### Task details
Restate the full set of records exactly, without adding or dropping a word.

### Data
• • • • •

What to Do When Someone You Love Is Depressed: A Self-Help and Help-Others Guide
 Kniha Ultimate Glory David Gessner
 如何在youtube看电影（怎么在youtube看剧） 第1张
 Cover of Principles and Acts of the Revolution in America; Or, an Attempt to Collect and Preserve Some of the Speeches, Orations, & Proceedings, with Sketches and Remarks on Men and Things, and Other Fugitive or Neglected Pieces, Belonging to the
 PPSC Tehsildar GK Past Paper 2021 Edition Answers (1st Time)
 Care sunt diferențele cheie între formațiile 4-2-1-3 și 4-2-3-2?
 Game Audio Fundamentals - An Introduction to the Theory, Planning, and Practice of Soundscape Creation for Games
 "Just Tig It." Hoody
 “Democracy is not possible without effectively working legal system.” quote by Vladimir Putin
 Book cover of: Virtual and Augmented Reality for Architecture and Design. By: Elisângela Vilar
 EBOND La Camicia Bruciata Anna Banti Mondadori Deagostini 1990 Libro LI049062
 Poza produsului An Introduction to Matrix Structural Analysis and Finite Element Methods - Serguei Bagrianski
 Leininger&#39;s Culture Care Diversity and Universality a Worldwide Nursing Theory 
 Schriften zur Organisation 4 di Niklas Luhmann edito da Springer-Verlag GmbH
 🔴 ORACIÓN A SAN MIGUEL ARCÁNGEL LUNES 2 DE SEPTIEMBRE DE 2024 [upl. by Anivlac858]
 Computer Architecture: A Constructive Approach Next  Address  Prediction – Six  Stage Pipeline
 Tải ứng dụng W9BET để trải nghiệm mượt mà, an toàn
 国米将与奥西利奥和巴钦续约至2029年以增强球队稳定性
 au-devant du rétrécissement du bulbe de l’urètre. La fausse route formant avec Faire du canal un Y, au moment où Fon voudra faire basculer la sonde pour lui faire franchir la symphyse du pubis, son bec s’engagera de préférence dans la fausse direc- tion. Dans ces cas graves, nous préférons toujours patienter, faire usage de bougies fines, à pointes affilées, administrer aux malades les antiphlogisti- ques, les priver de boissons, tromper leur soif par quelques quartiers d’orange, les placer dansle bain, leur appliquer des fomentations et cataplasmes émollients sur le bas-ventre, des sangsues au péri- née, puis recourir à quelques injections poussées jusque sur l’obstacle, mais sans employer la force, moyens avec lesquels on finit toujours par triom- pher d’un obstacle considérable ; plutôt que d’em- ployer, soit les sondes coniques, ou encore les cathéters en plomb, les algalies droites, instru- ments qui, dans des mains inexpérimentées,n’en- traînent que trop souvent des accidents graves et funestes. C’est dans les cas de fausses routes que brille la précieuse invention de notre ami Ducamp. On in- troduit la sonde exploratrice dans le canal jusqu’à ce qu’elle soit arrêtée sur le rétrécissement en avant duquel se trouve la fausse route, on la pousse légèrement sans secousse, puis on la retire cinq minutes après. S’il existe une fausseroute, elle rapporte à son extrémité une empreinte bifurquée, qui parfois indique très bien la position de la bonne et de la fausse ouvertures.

• • • • •

### Written answer
What to Do When Someone You Love Is Depressed: A Self-Help and Help-Others Guide
 Kniha Ultimate Glory David Gessner
 如何在youtube看电影（怎么在youtube看剧） 第1张
 Cover of Principles and Acts of the Revolution in America; Or, an Attempt to Collect and Preserve Some of the Speeches, Orations, & Proceedings, with Sketches and Remarks on Men and Things, and Other Fugitive or Neglected Pieces, Belonging to the
 PPSC Tehsildar GK Past Paper 2021 Edition Answers (1st Time)
 Care sunt diferențele cheie între formațiile 4-2-1-3 și 4-2-3-2?
 Game Audio Fundamentals - An Introduction to the Theory, Planning, and Practice of Soundscape Creation for Games
 "Just Tig It." Hoody
 “Democracy is not possible without effectively working legal system.” quote by Vladimir Putin
 Book cover of: Virtual and Augmented Reality for Architecture and Design. By: Elisângela Vilar
 EBOND La Camicia Bruciata Anna Banti Mondadori Deagostini 1990 Libro LI049062
 Poza produsului An Introduction to Matrix Structural Analysis and Finite Element Methods - Serguei Bagrianski
 Leininger&#39;s Culture Care Diversity and Universality a Worldwide Nursing Theory 
 Schriften zur Organisation 4 di Niklas Luhmann edito da Springer-Verlag GmbH
 🔴 ORACIÓN A SAN MIGUEL ARCÁNGEL LUNES 2 DE SEPTIEMBRE DE 2024 [upl. by Anivlac858]
 Computer Architecture: A Constructive Approach Next  Address  Prediction – Six  Stage Pipeline
 Tải ứng dụng W9BET để trải nghiệm mượt mà, an toàn
 国米将与奥西利奥和巴钦续约至2029年以增强球队稳定性
 au-devant du rétrécissement du bulbe de l’urètre. La fausse route formant avec Faire du canal un Y, au moment où Fon voudra faire basculer la sonde pour lui faire franchir la symphyse du pubis, son bec s’engagera de préférence dans la fausse direc- tion. Dans ces cas graves, nous préférons toujours patienter, faire usage de bougies fines, à pointes affilées, administrer aux malades les antiphlogisti- ques, les priver de boissons, tromper leur soif par quelques quartiers d’orange, les placer dansle bain, leur appliquer des fomentations et cataplasmes émollients sur le bas-ventre, des sangsues au péri- née, puis recourir à quelques injections poussées jusque sur l’obstacle, mais sans employer la force, moyens avec lesquels on finit toujours par triom- pher d’un obstacle considérable ; plutôt que d’em- ployer, soit les sondes coniques, ou encore les cathéters en plomb, les algalies droites, instru- ments qui, dans des mains inexpérimentées,n’en- traînent que trop souvent des accidents graves et funestes. C’est dans les cas de fausses routes que brille la précieuse invention de notre ami Ducamp. On in- troduit la sonde exploratrice dans le canal jusqu’à ce qu’elle soit arrêtée sur le rétrécissement en avant duquel se trouve la fausse route, on la pousse légèrement sans secousse, puis on la retire cinq minutes après. S’il existe une fausseroute, elle rapporte à son extrémité une empreinte bifurquée, qui parfois indique très bien la position de la bonne et de la fausse ouvertures.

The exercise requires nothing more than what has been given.